Society-factory, capitalist social plan: from the first historical realization of this movement is born the optical illusion that foresees the “extinction” of the exponential accumulation of social violence. What we can’t see immediately, though, is how the social diffusion of domination and the apparent “truce” between “politics” and “economy” necessarily contains within in itself the concentration of factory despotism [to be spread] over all of society, the relation of separation that must increasingly reunite authority with consensus.

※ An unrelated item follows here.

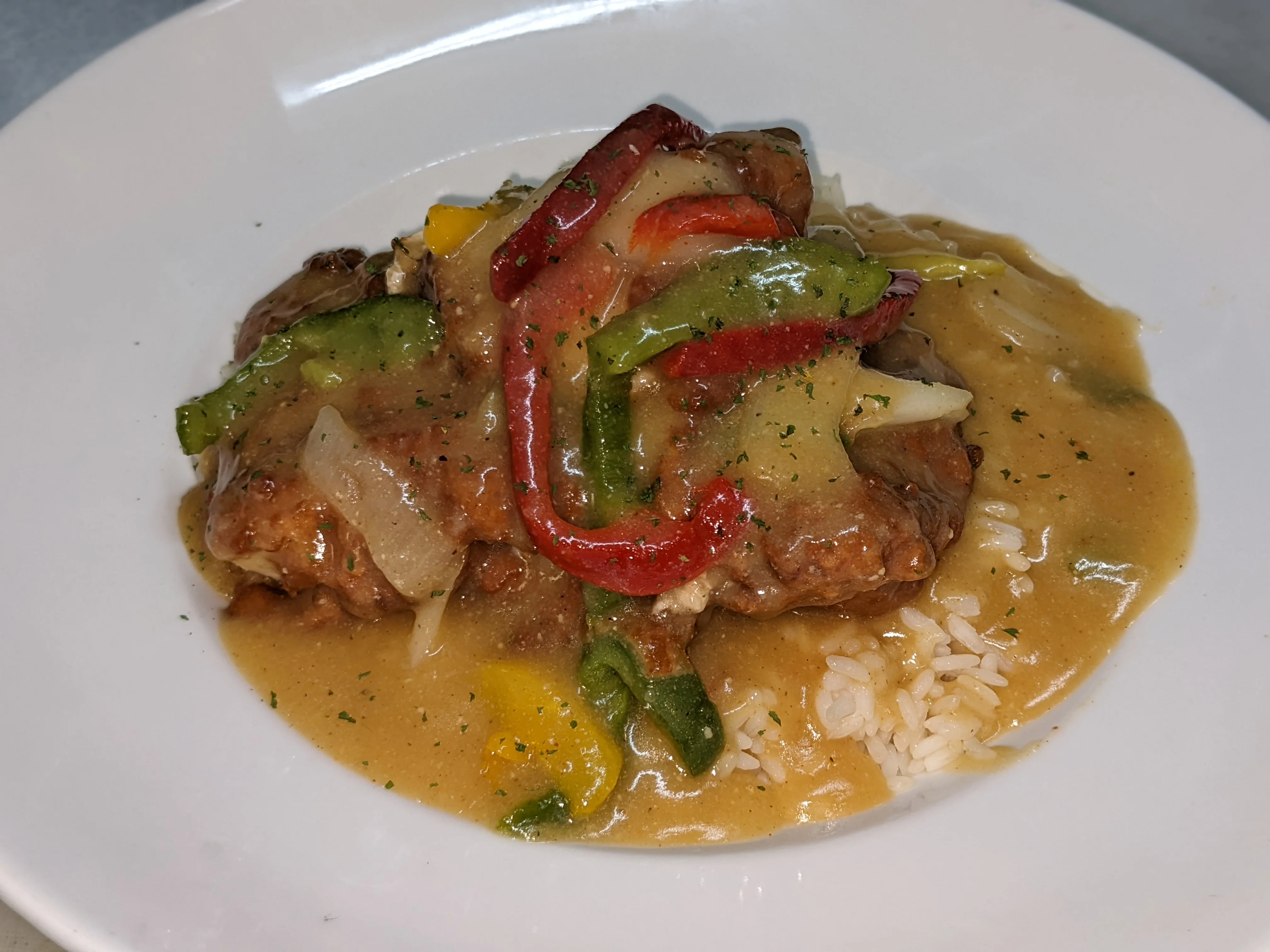 Savory Southern smothered pork chops with peppers and rice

But the experience ends by putting into crisis this optimism about a perfect democracy on economic ground: workers keep pushing, even if in fits and starts, the terms of trade to their favor, doing so in a disordered fashion dangerous given the overall equilibrium. We aren’t reproposing an updated edition of theses of the automatic discovery of contradictions: what is there of the automatic in the workers struggles? Nor are we discussing a mythic system of “high salaries”: high or low, in the end, in terms of what? The problem is that of the function of the wage. Between the New Deal proposition of the wage as the spurring moment of development and the actual generalization of the politics of income as the specific content of the plan, there moves a true and proper historical period, a cycle of development. This is the hypothesis that we are proposing once again. To find its depth and proof, our research will have to properly begin.